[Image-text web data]
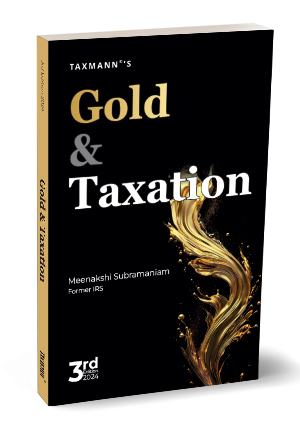 Taxmann Gold & Taxation By Meenakshi Subramaniam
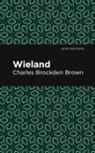 Charles Brockden Brown - Wieland
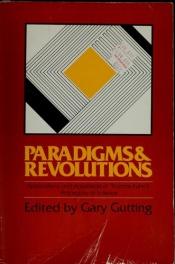 book cover of Paradigms and Revolutions: Applications and Appraisals of Thomas Kuhn's Philosophy of Science by Gary Gutting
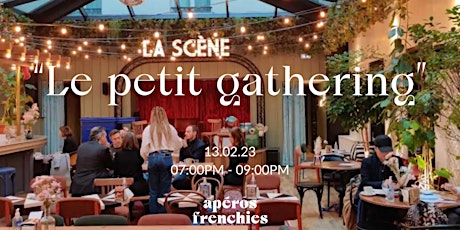 Apéros Frenchies x Le petit Gathering – Paris
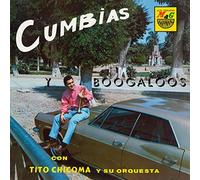 Chicomba,Tito Y Su Orquesta - Cumbias Y Boogaloos [Vinilo]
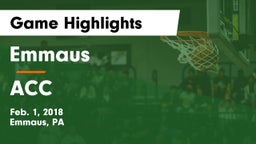 Emmaus  vs ACC Game Highlights - Feb. 1, 2018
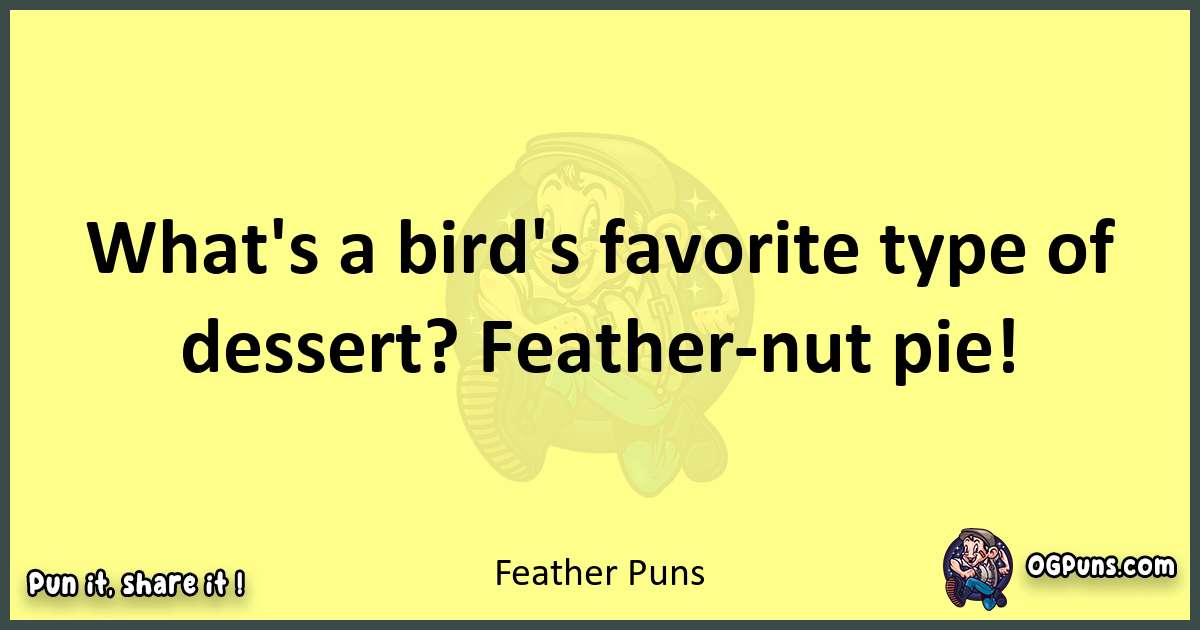 Feather puns best worpdlay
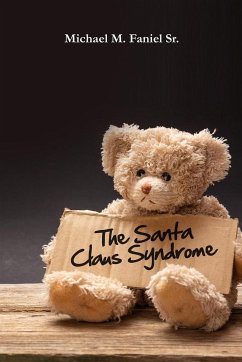 The Santa Claus Syndrome - Faniel Sr., Michael M.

How to complete this task ->
Nothing but the lines from the one containing "Feb. 1, 2018" through the last line of the data should appear in the answer, copied exactly, with pictures excluded.

Written solution ->
 Emmaus  vs ACC Game Highlights - Feb. 1, 2018
 Feather puns best worpdlay
 The Santa Claus Syndrome - Faniel Sr., Michael M.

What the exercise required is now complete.